EXERCISE DIRECTIONS:
Word for word, output the data, with none of its pictures.

DATA BELOW:
....................
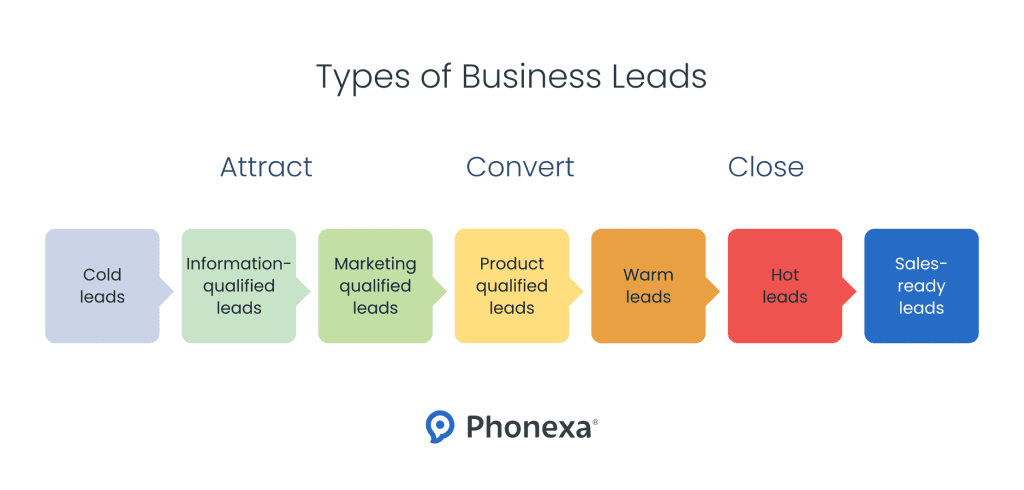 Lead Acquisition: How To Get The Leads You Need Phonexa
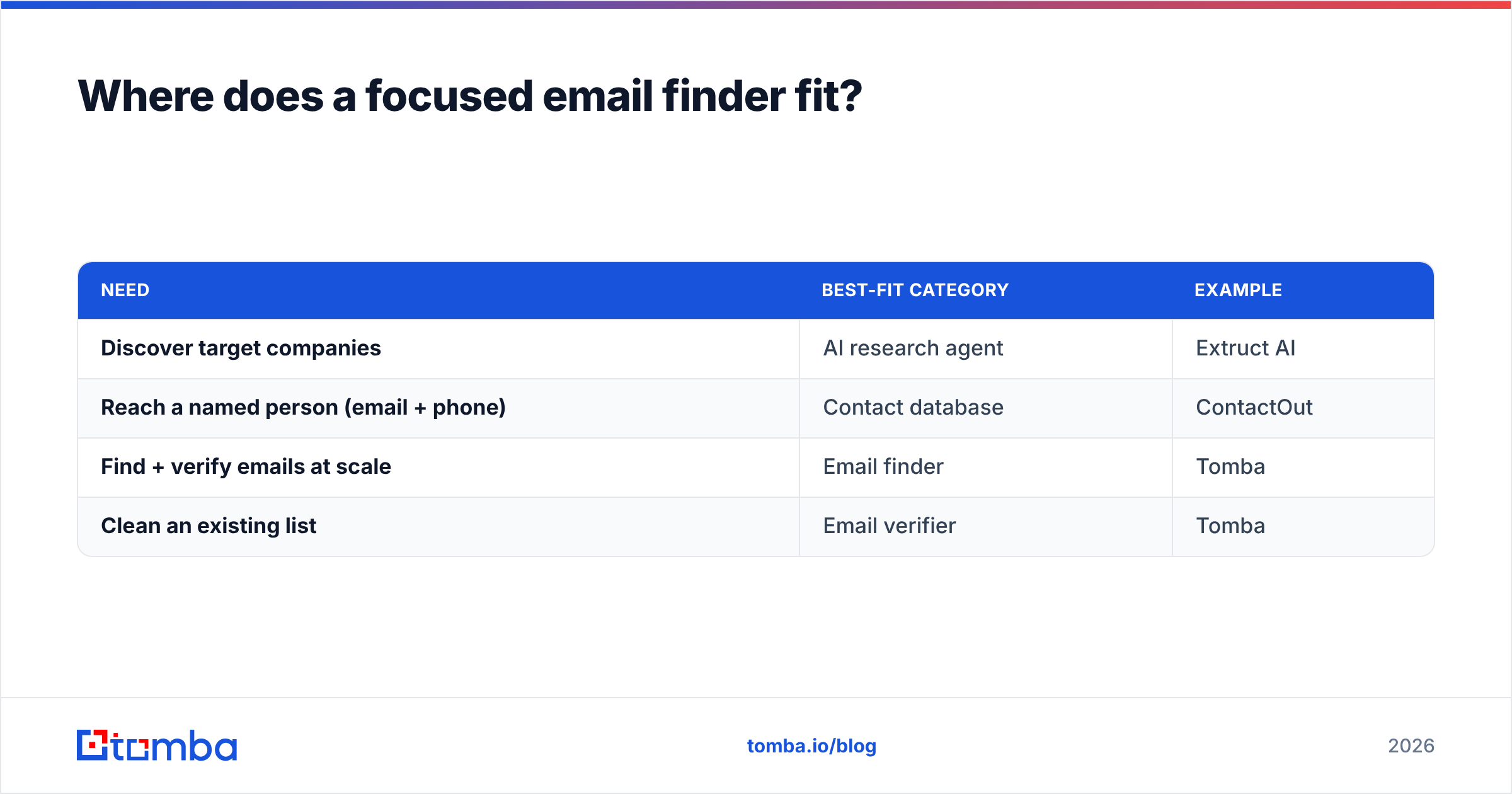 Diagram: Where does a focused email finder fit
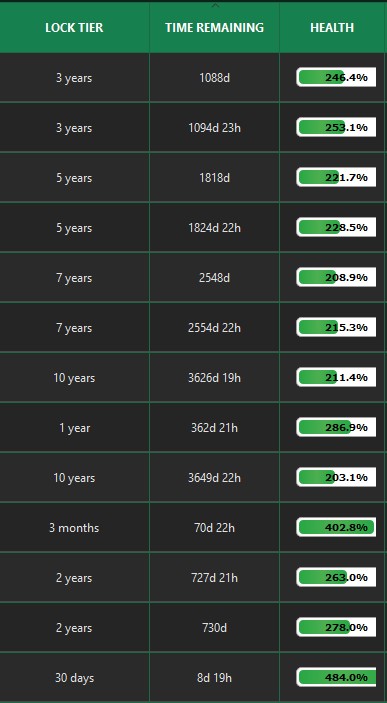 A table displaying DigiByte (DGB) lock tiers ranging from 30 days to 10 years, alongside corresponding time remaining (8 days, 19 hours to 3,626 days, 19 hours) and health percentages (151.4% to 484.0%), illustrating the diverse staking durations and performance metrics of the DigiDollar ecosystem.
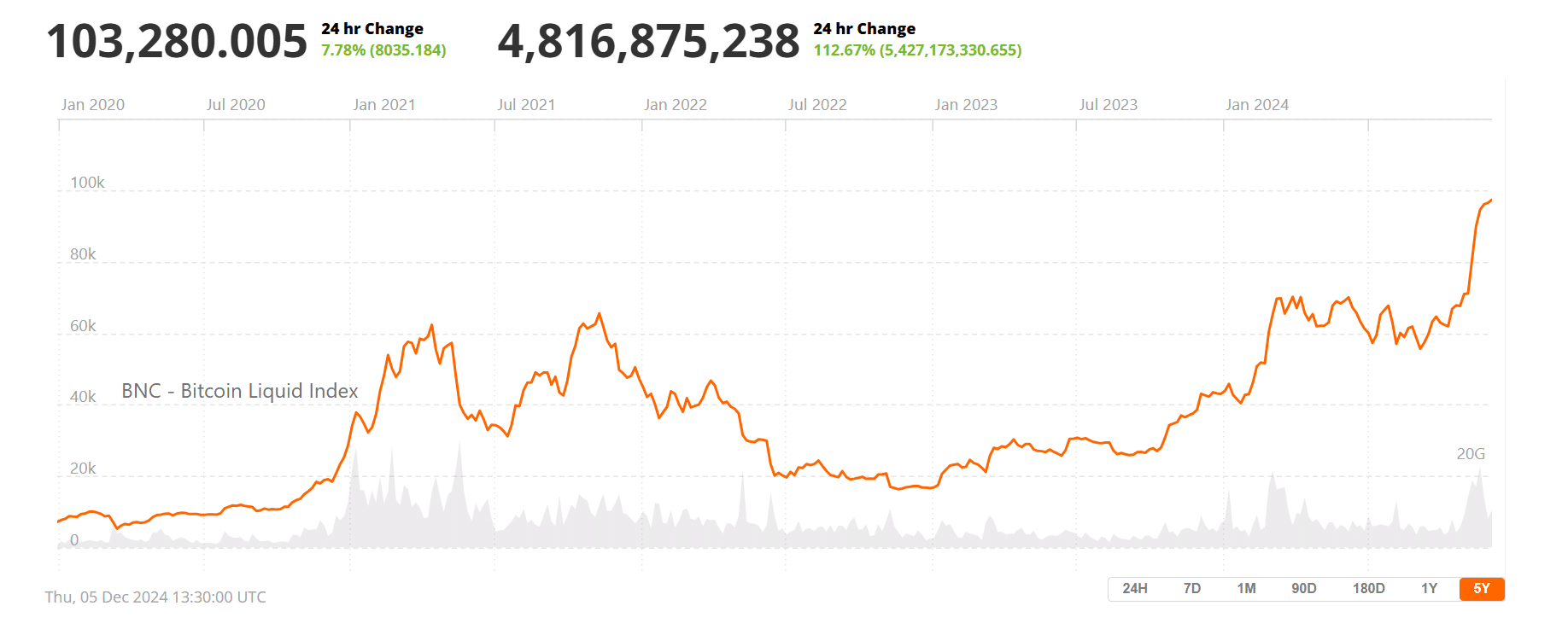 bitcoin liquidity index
....................
WRITTEN REPLY:
 Lead Acquisition: How To Get The Leads You Need Phonexa
 Diagram: Where does a focused email finder fit
 A table displaying DigiByte (DGB) lock tiers ranging from 30 days to 10 years, alongside corresponding time remaining (8 days, 19 hours to 3,626 days, 19 hours) and health percentages (151.4% to 484.0%), illustrating the diverse staking durations and performance metrics of the DigiDollar ecosystem.
 bitcoin liquidity index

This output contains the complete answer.